**Exercise goal**
Print exactly the lines that run from the one containing "A copy of the" to the final line of the data, both included, and print none of the pictures.

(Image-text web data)
+--

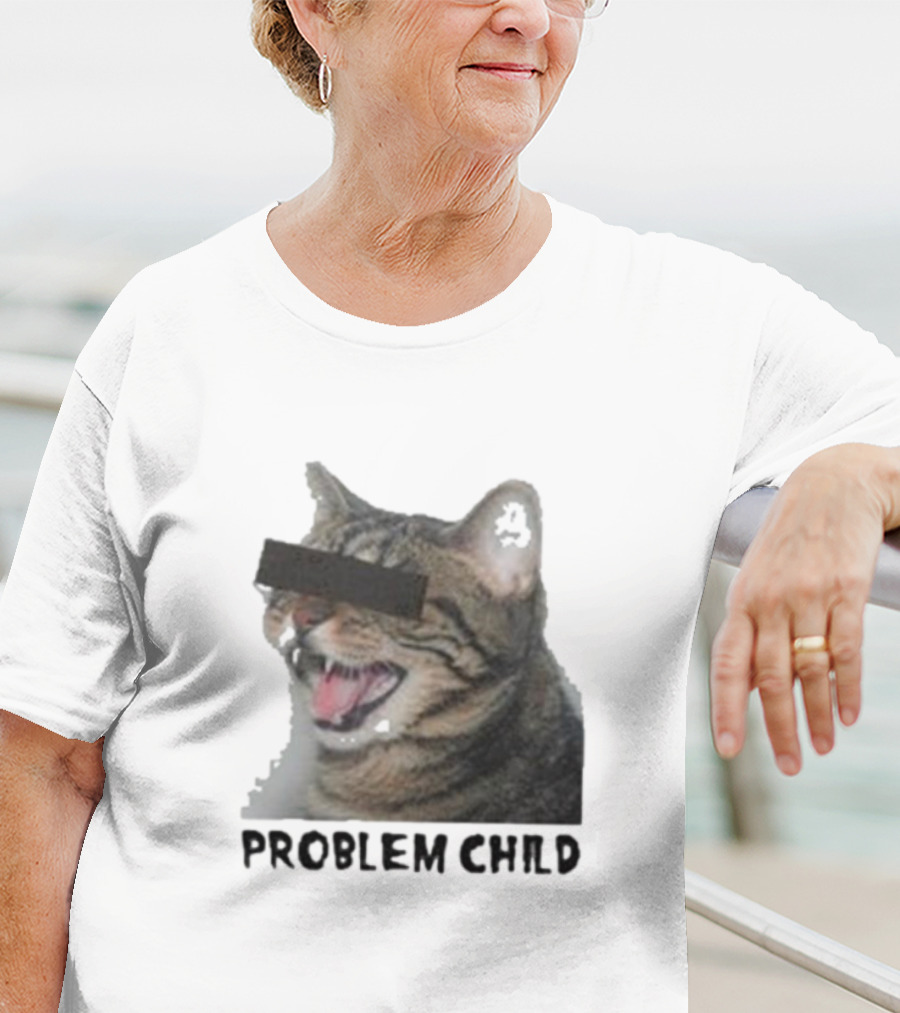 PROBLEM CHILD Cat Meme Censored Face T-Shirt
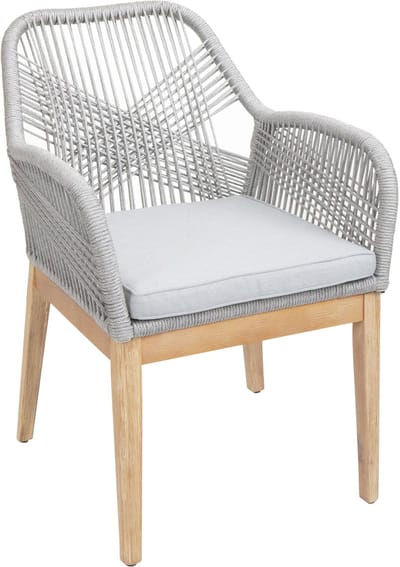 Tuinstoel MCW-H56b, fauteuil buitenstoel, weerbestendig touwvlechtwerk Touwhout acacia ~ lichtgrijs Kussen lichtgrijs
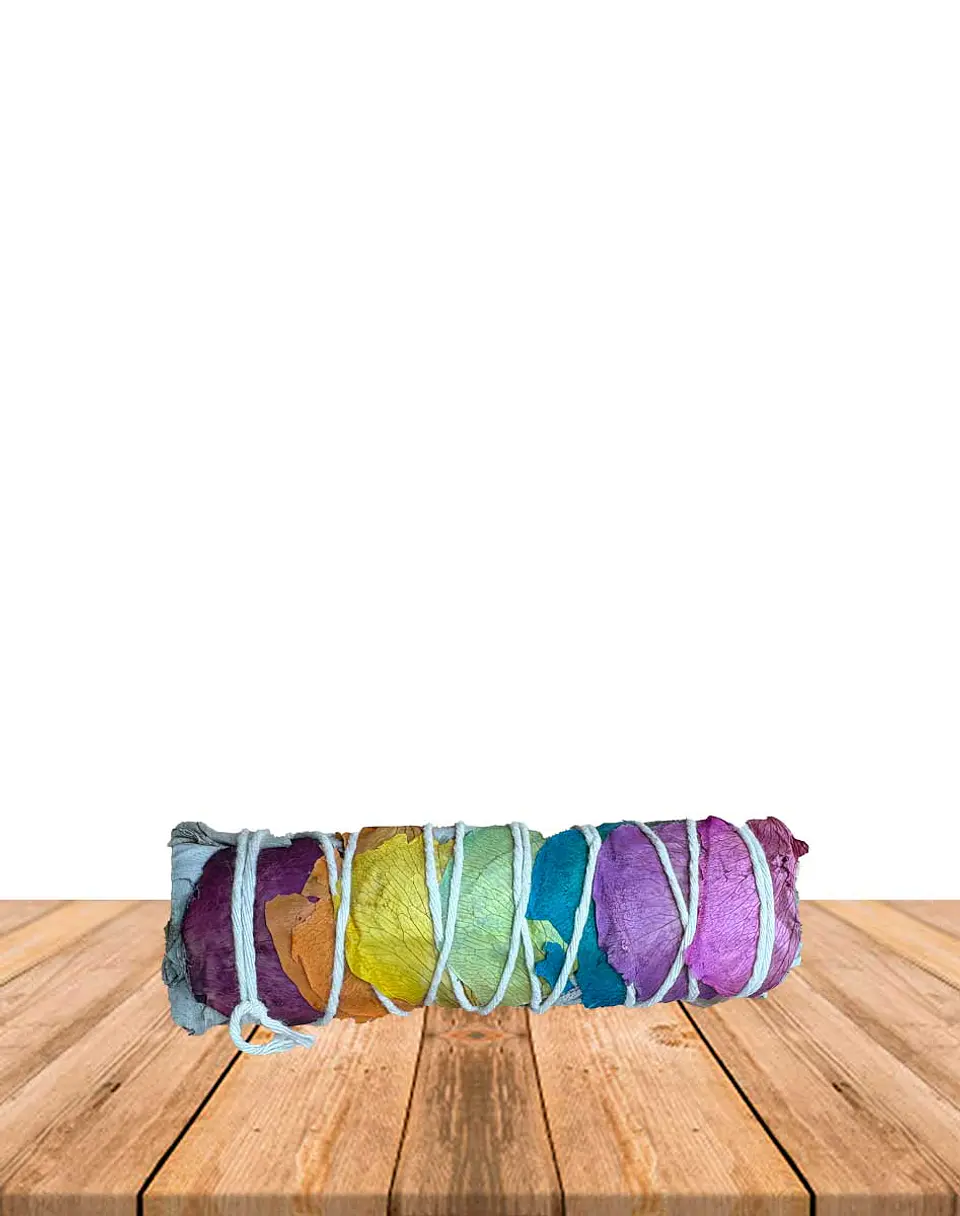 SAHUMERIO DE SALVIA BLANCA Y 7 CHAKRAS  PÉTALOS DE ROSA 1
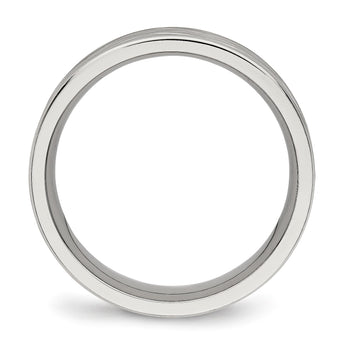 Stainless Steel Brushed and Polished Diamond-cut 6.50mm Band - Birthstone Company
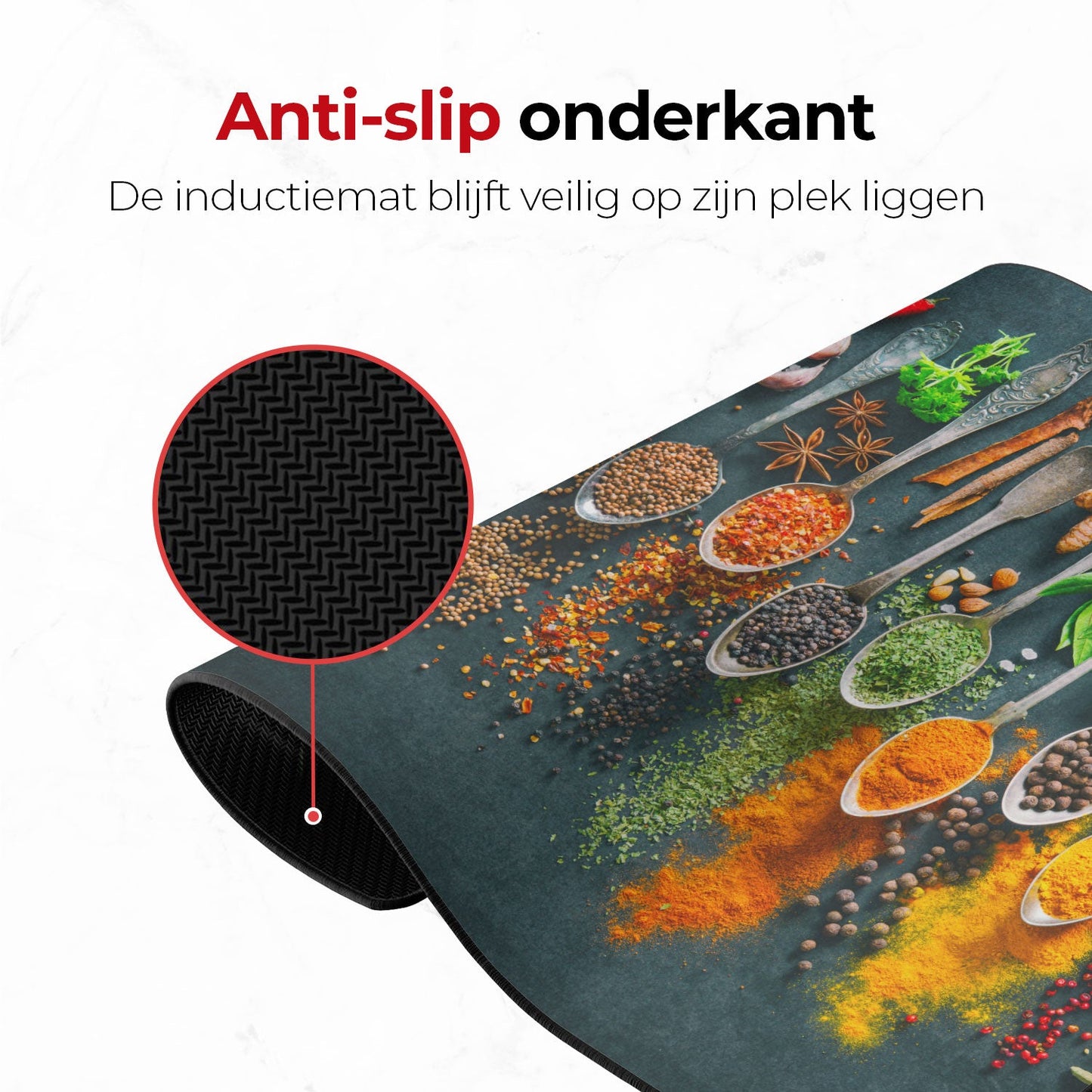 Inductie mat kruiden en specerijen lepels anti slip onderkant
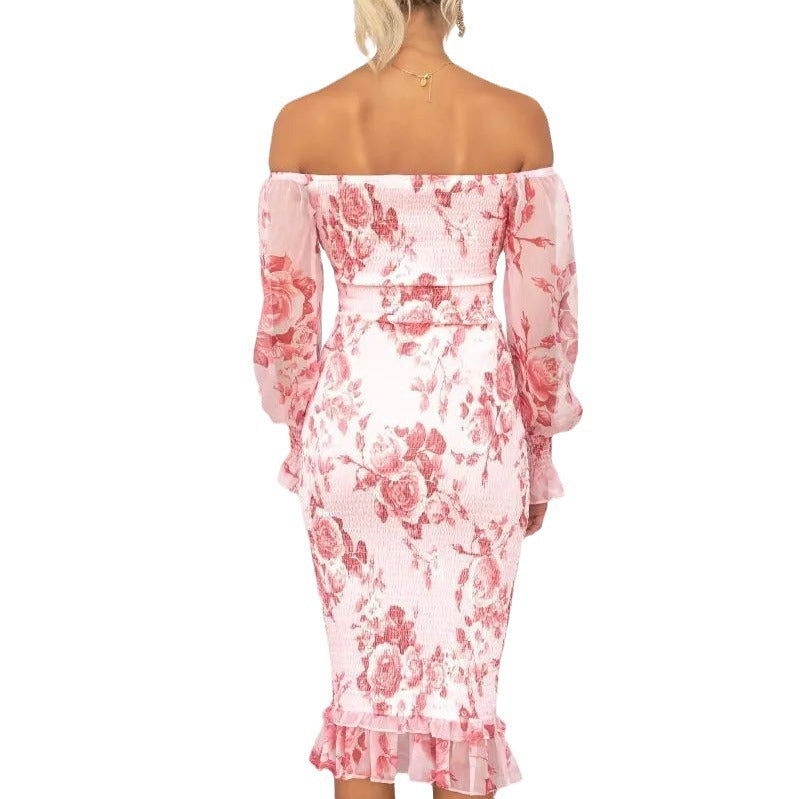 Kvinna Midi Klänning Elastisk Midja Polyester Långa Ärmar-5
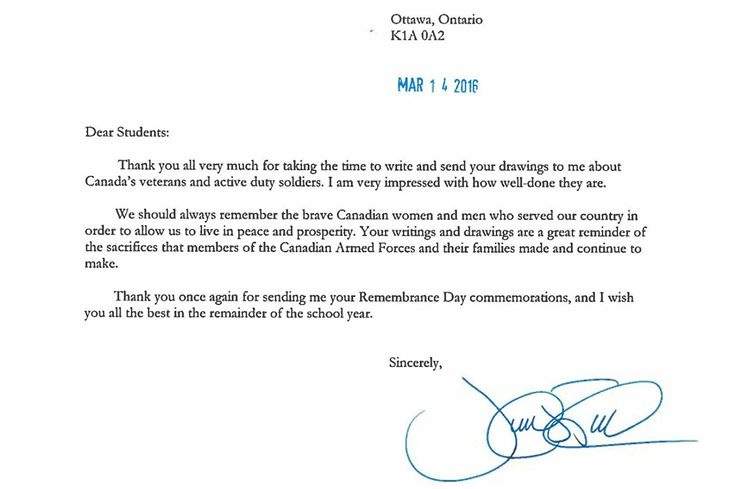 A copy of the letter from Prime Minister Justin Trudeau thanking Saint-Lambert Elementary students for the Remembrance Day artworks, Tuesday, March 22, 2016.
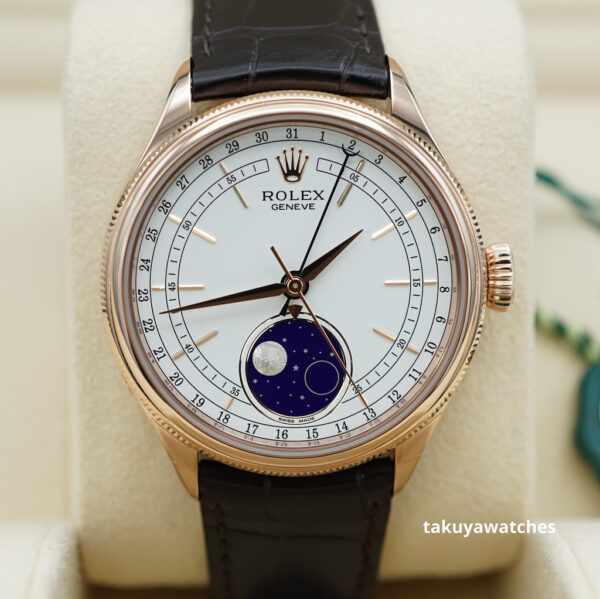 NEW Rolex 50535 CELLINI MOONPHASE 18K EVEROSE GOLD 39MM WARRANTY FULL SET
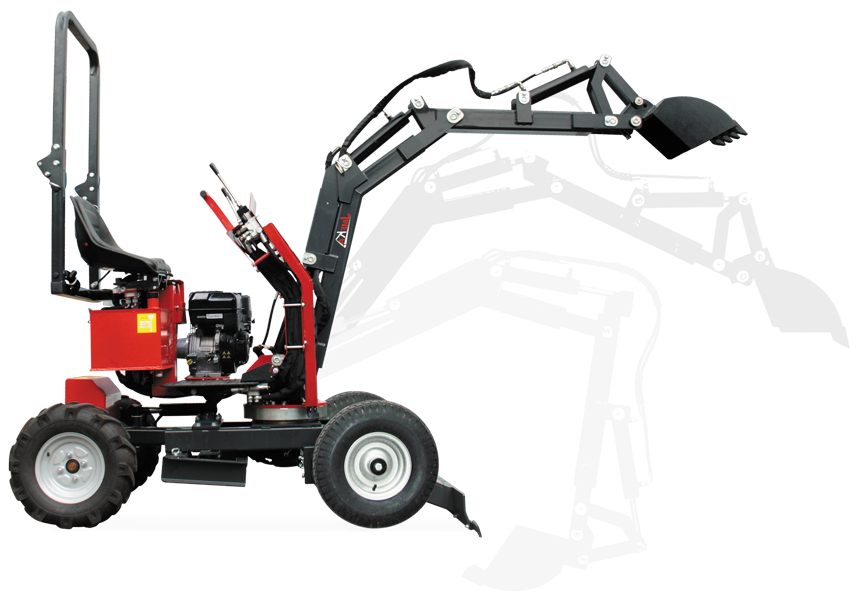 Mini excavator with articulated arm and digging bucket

+--

**Solved exercise**
 A copy of the letter from Prime Minister Justin Trudeau thanking Saint-Lambert Elementary students for the Remembrance Day artworks, Tuesday, March 22, 2016.
 NEW Rolex 50535 CELLINI MOONPHASE 18K EVEROSE GOLD 39MM WARRANTY FULL SET
 Mini excavator with articulated arm and digging bucket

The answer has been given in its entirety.